Nadelman, whose name is closely associated with the inception of modern art in the United States, had strong convictions about the essence of creation, and the meaning behind his art. When asked to explain his work, he went straight to the crux of his philosophy: "But what is this true form of art? It is significant and abstract, i.e., composed of geometrical elements. Here is how I realize it. I employ no other line than the curve, which possesses freshness and force. I compose these curves so as to bring them in accord or in opposition to one another. In that way I obtain the life of form, i.e., harmony. In that way I intend that the life of the work should come from within itself. The subject of any work of art is for me nothing but a pretext for creating significant form, relations of forms which create a new life that has nothing to do with life in nature, a life from which art is born, and from which spring style and unity. From significant form comes style, from relations form, i.e., the necessity of playing one form against another, comes unity. I leave it to others to judge the importance of so radical a change in the means used to create a work of art." (as quoted in L. Kirstein, Elie Nadelman, New York, 1973, p. 265)

Nadelman's highly structured theories of art and his powerfully spare sculpture had a subtle influence over many American sculptors of the modern movement. Wayne Craven credited Nadelman for contributing to "the emancipation of the American sculptor from the academic tradition." (Sculpture in America, p. 591) His influence was vast on artists and art collectors alike. While living in Paris, Nadelman became acquainted with many of the figures on the forefront of the modern art movement, including Gertrude and Leo Stein, Pablo Picasso and Constantine Brancusi. In addition, his most celebrated patron was Helena Rubenstein, and he was also close to Gertrude Vanderbilt Whitney.

The present cast of Resting Stag was gifted by the artist to Frank Hackett, the beloved founder and headmaster of Riverdale Country School which Nadelman's son attended, and his wife Wally Reichenberg-Hackett. Wally later became a celebrated psychology professor at Duke University, where she met the late owner Professor Leland R. Phelps.

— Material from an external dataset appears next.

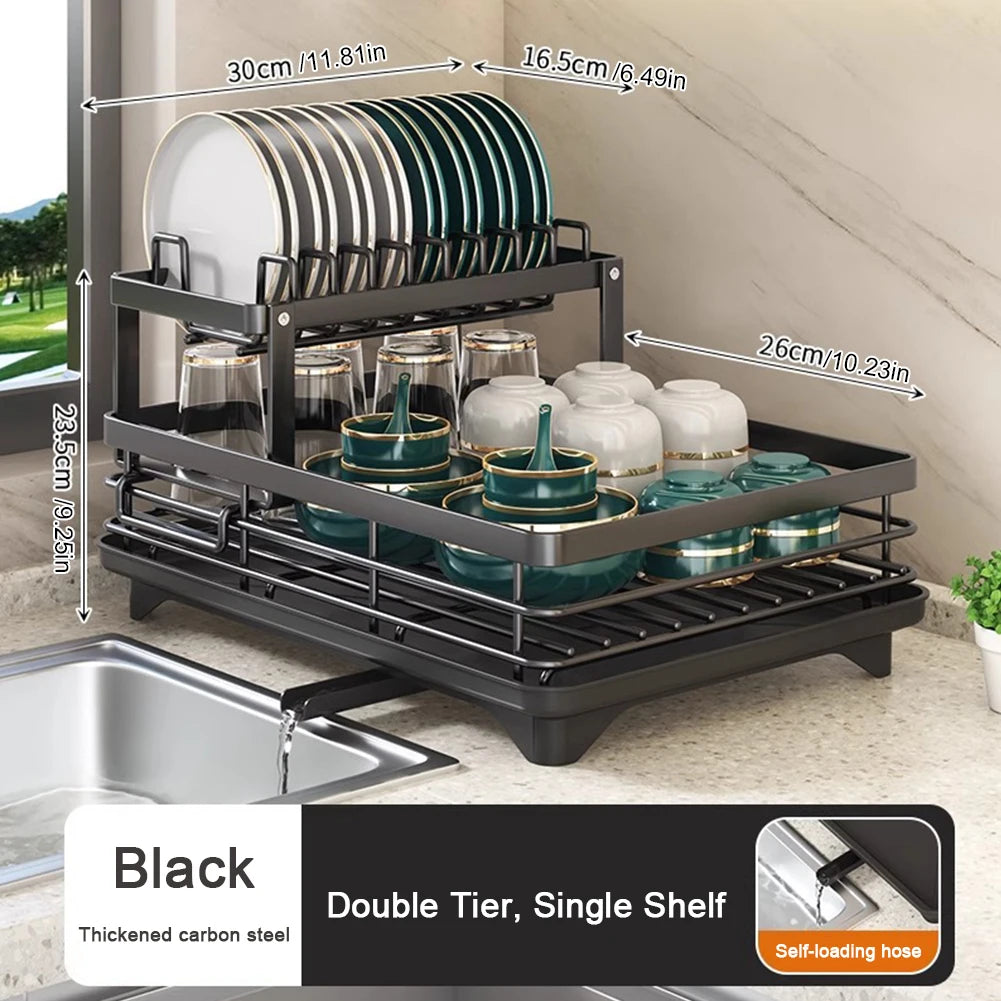 Adjustable 2-Tier Dish Drying Rack Steel Kitchen Plates Bowl Organizer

Other examples of this sculpture are in notable public collections, including Detroit Institute of Arts, Detroit, Michigan; Brooklyn Museum, Brooklyn, New York; Museum of Fine Arts, Boston, Massachusetts; Smith College Museum of Art, Northampton, Massachusetts; Honolulu Museum of Art, Honolulu, Hawaii; and Brookgreen Gardens, Murrells Inlet, South Carolina.